In adding fractions with denominators of 33 and 48, the LCD is 240.

I don't understand any easy way to arrive at this number.

33 factors out to be : 3 * 11
48 factors out to be: 2 * 2 * 2 * 2 * 3

But from these numbers, none will yeild a product of 240.

What am I doing wrong?

 

[d_leet]

What is the LCD? Did you meand the GCD(Greatest Common Divisor)? Or did you mean the LCM(Least Common Multiple)? As far as I can tell you did nothing wrong, as 240 is neither the gcd nor the lcm of 33 and 48.

EDIT: Oh I guess you meant LCD as in Least Common Denominator, which would be equivalent in this case to the LCM, but still it shouldn't be 240, and you should be able to tell that from the prime factorizations of the three numbers.

 

[Holocene]

My mistake!

The denominators of the fractions were 30 (not 33) and 48, and the LCD is in fact 240. I read the problem wrong!

30 = 2 * 3 * 5
48 = 2 * 2 * 2 * 2 * 3

2 * 2 * 2 * 2 * 3 * 5 = 240

Thanks for help.

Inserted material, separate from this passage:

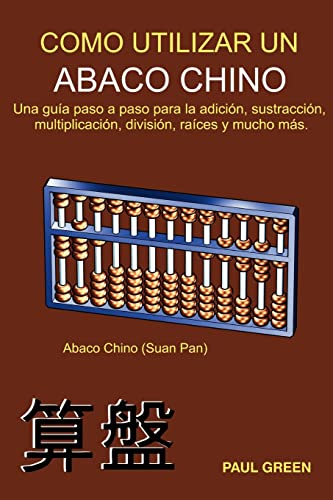 Cómo Utilizar Un Abaco Chino: (Edición en Español)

I appreciate it.

 

[arildno]

LCD is is trivially 1 for all natural numbers.

What you are after is LCM, least common multiple.

 

[HallsofIvy]

Yes, arildno, he is looking for the least common multiple of the numbers he gave. He did, however, say initially that these were the denominators of given fractions and he was looking for the least common denominator of those fractions.